Als ich meine erste lange Geschichte schrieb - ohne zu wissen, dass daraus ein Buch werden würde - war das Schreiben ein Wollen. Ich musste mir die Zeit dafür zwischen Berufs-, Mutter- und Hausfrauenleben buchstäblich stehlen.

Aus dieser langen Geschichte ist mein erstes Buch Blackout geworden. Noch während sich der Verlag in der Vorveröffentlichungsphase befand, fragte er mich, ob ich noch weitere Ideen hätte. Und wie ich die hatte! Schreiben war ein Privileg, ein Wollen, ein Dürfen.

Weil ich ziemlich schnell zu ziemlich vielen Lesungen eingeladen wurde, konnte ich das Schreiben schon zwei Jahre nach dem Veröffentlichen meines ersten Buches zum Beruf machen. Damit wurde es zwar zum Müssen, war aber immer auch noch ein Wollen, ein Dürfen und ein Privileg.

Nach den ersten frustrierenden Erfahrungen - Coverkämpfe, wochenlange Kommunkationsflauten - wurde das Schreiben irgendwann mehr zum "Ich sollte" als zum Dürfen. Das Wollen war zwar immer noch da, aber immer häufiger auch verbunden mit einem ABER.
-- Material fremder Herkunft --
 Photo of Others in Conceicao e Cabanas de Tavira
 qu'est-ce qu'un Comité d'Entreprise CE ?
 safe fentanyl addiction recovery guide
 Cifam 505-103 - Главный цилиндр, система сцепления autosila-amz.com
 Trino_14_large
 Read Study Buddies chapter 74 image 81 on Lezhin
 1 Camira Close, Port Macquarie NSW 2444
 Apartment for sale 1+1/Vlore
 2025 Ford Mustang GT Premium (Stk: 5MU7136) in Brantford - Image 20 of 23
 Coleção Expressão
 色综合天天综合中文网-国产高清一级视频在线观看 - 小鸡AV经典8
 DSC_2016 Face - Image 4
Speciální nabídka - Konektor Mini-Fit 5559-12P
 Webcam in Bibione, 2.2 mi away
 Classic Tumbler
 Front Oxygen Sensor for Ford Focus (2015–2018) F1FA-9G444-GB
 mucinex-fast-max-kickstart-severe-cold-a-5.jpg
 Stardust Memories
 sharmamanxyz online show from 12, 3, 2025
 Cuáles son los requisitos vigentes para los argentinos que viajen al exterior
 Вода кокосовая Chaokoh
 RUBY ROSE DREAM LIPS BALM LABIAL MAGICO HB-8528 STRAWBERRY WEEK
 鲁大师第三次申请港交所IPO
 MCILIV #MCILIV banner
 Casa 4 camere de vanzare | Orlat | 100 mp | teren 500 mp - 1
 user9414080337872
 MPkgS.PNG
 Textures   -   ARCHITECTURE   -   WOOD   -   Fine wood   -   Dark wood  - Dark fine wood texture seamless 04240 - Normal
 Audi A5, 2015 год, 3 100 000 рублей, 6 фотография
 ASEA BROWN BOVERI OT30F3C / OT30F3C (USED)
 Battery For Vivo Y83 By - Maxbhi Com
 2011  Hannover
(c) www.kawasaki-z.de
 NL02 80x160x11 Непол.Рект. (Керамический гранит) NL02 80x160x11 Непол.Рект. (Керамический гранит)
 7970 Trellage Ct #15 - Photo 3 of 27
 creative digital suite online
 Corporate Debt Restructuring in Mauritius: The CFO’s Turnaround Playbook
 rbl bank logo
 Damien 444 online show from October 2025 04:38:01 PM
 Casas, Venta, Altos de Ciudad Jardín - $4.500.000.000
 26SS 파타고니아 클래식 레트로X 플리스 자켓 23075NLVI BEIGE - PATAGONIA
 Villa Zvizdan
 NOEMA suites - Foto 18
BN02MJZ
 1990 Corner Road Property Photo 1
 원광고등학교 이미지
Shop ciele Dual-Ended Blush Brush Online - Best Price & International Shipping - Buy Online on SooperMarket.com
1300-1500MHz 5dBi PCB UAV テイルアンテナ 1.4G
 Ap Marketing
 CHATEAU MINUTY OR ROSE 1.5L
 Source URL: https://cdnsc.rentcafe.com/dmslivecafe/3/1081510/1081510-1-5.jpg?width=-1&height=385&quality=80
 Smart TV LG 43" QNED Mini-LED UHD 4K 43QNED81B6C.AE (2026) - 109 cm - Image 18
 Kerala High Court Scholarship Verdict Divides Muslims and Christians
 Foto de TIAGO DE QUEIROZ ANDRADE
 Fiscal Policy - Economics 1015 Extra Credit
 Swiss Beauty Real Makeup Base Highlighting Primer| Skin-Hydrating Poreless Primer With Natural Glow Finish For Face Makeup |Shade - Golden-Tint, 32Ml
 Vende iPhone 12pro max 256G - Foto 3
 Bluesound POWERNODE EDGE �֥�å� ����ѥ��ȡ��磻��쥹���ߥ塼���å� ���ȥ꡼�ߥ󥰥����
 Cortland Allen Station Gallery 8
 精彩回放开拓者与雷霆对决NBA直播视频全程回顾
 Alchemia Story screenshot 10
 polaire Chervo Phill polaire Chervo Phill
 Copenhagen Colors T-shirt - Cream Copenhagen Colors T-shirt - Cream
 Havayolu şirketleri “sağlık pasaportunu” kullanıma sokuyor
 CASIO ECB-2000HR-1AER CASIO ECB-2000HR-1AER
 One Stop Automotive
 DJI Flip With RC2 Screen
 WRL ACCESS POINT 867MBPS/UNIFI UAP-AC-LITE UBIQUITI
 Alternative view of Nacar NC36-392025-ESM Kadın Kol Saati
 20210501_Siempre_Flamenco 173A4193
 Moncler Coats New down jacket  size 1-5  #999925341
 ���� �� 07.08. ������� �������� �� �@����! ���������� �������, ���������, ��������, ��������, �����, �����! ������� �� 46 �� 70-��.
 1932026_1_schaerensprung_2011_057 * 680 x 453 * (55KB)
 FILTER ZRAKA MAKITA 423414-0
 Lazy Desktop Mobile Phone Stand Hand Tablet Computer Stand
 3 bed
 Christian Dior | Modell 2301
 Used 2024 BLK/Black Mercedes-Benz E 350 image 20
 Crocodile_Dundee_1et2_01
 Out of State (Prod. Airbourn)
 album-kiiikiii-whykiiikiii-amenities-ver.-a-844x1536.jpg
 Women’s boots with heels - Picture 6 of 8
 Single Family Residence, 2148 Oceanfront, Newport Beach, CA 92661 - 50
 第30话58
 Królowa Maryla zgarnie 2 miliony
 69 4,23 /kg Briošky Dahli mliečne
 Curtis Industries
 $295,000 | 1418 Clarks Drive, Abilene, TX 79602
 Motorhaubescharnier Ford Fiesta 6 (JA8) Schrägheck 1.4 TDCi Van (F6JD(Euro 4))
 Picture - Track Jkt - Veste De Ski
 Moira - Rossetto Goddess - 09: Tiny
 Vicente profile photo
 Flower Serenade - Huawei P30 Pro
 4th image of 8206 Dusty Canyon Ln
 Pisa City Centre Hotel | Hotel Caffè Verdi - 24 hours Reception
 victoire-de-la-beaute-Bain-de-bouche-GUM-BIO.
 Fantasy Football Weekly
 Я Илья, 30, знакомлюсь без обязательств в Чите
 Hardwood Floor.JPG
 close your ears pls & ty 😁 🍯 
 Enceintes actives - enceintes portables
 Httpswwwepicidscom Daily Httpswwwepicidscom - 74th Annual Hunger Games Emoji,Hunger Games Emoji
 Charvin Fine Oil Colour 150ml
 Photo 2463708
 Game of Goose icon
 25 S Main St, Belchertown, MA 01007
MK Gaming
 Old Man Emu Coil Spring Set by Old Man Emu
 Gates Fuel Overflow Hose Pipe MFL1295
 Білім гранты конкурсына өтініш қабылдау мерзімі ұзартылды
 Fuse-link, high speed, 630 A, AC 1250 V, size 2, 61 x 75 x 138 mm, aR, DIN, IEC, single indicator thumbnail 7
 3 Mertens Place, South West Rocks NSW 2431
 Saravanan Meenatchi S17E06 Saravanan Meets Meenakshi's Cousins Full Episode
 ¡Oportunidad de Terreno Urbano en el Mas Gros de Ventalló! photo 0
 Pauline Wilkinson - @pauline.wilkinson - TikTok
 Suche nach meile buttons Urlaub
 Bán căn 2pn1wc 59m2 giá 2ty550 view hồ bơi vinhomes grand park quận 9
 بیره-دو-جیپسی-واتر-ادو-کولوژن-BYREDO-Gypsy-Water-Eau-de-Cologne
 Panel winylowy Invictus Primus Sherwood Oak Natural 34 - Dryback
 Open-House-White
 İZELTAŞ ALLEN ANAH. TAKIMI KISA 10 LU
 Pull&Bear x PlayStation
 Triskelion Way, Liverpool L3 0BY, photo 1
Schliesslich kam eine Phase, in der ich mich als Autorin in der Buchbranche fühlte wie ein Regenwurm auf dem Trockenen. Ich fragte mich, was ich falsch mache, haderte mit meinem Beruf und überlegte den Ausstieg. Gespräche mit BerufskollegInnen machten mir bewusst, dass es nicht an mir lag, sondern an der Branche, die mit jedem Jahr, das ich nun schon dabei bin, härter, orientierungsloser und zunehmend auch mutloser wurde. Ich lernte, diese Branche mit Gelassenheit und viel Galgenhumor zu ertragen. Über Dinge, über die man sich eigentlich wahlweise aufregen oder weinen sollte, habe ich (Tränen) gelacht. Jedes Mal, wenn ich dachte, ich hätte schon alles erlebt, gehört oder gesehen, wurde das irgendwo mühelos getoppt. Der Wahnsinn wurde normal, "mir egal" zu meinem (Überlebens)Motto.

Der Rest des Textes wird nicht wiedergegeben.